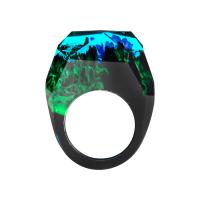Resin Finger Ring with Black Sandalwood epoxy gel & Unisex 12mm Sold By PC
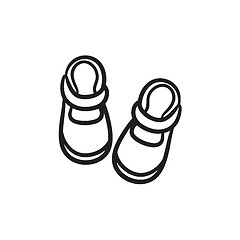 Image showing Baby booties sketch icon.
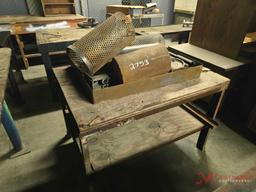 METAL SHOP TABLE WITH CONTENTS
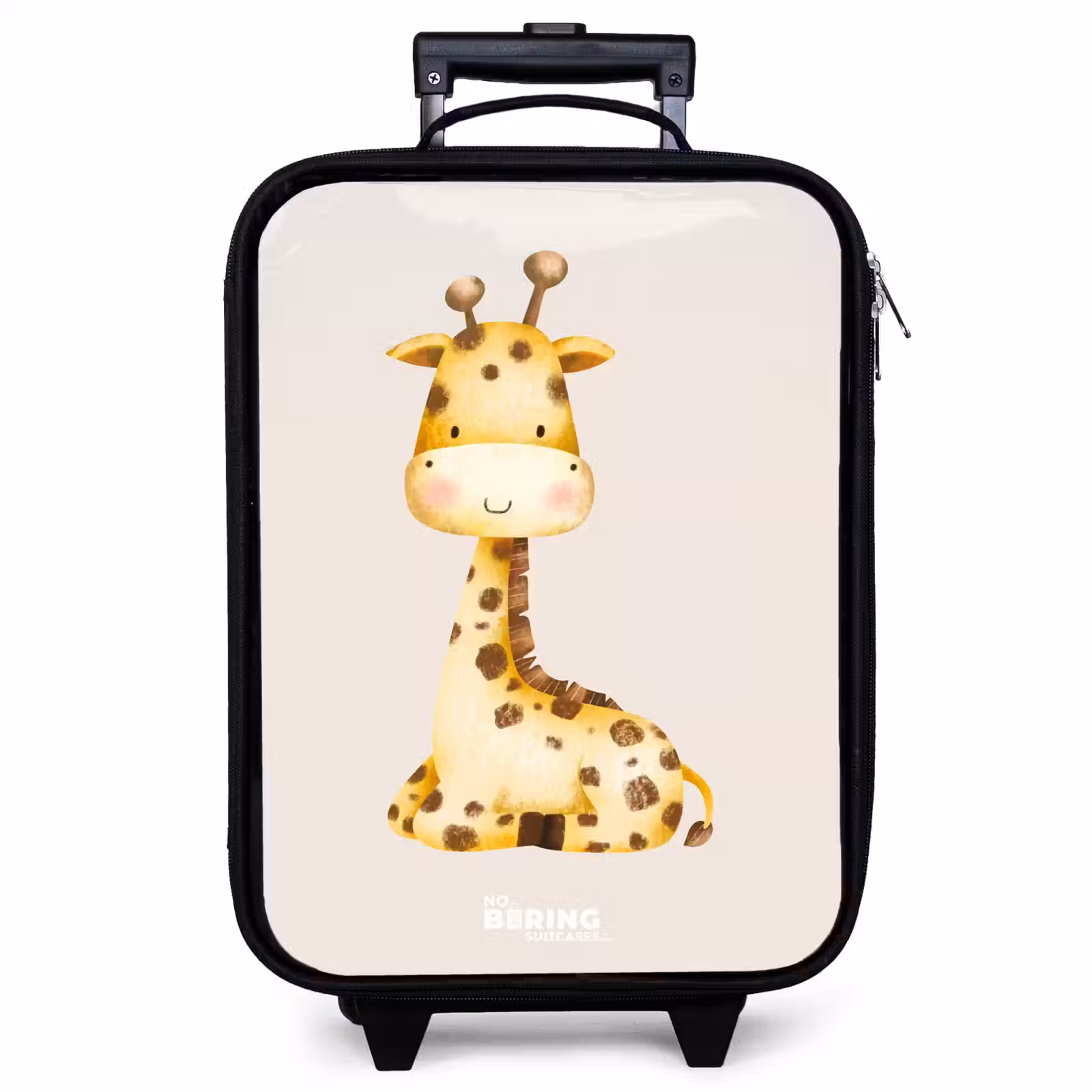 Valise enfant - Noir - Illustration d'une girafe couchée sur fond beige — 1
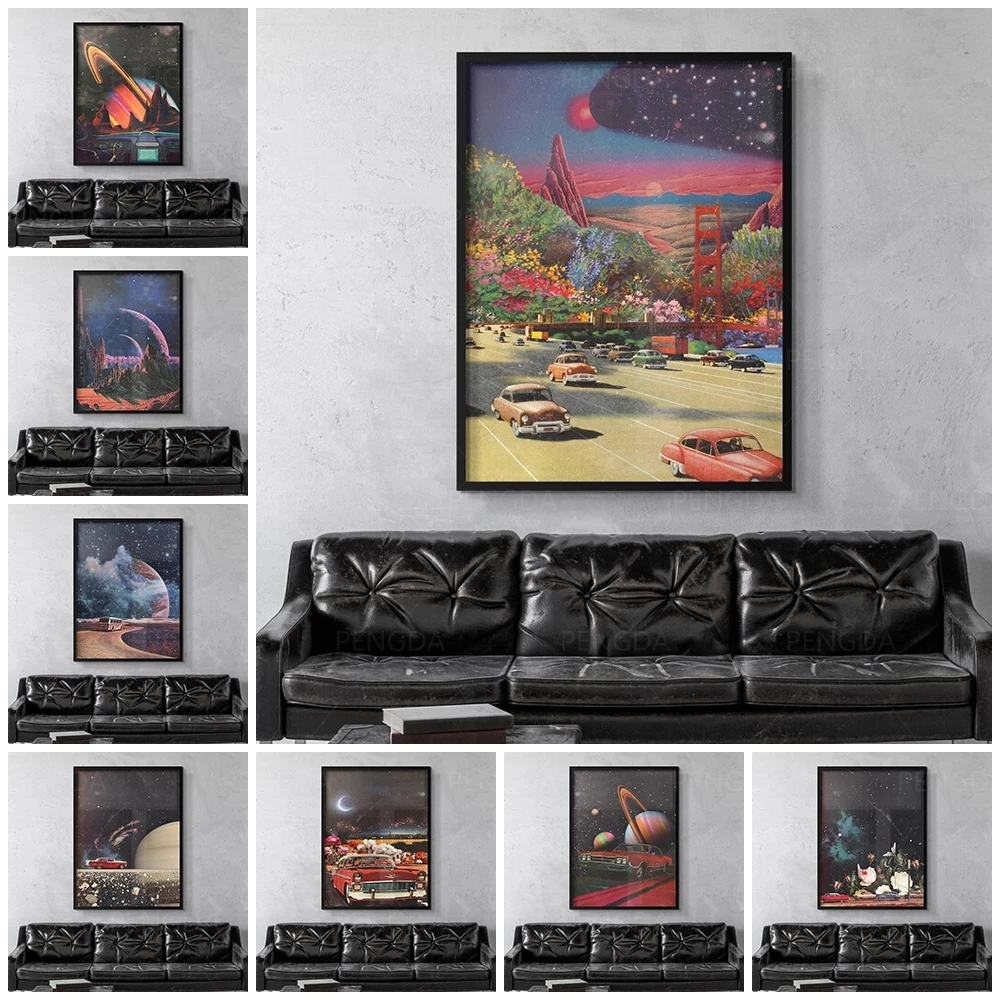 

Canvas Wall Art Home White Moon Black Ball Night Decorative HD Printed Poster Painting Modern Modular No Frame For Living Room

→ **What to work on**: Starting where a line contains "Valise enfant - Noir" and finishing at the last line above, set down every line exactly as it reads, with no pictures.

→ **Result of this exercise**:
 Valise enfant - Noir - Illustration d'une girafe couchée sur fond beige — 1

Canvas Wall Art Home White Moon Black Ball Night Decorative HD Printed Poster Painting Modern Modular No Frame For Living Room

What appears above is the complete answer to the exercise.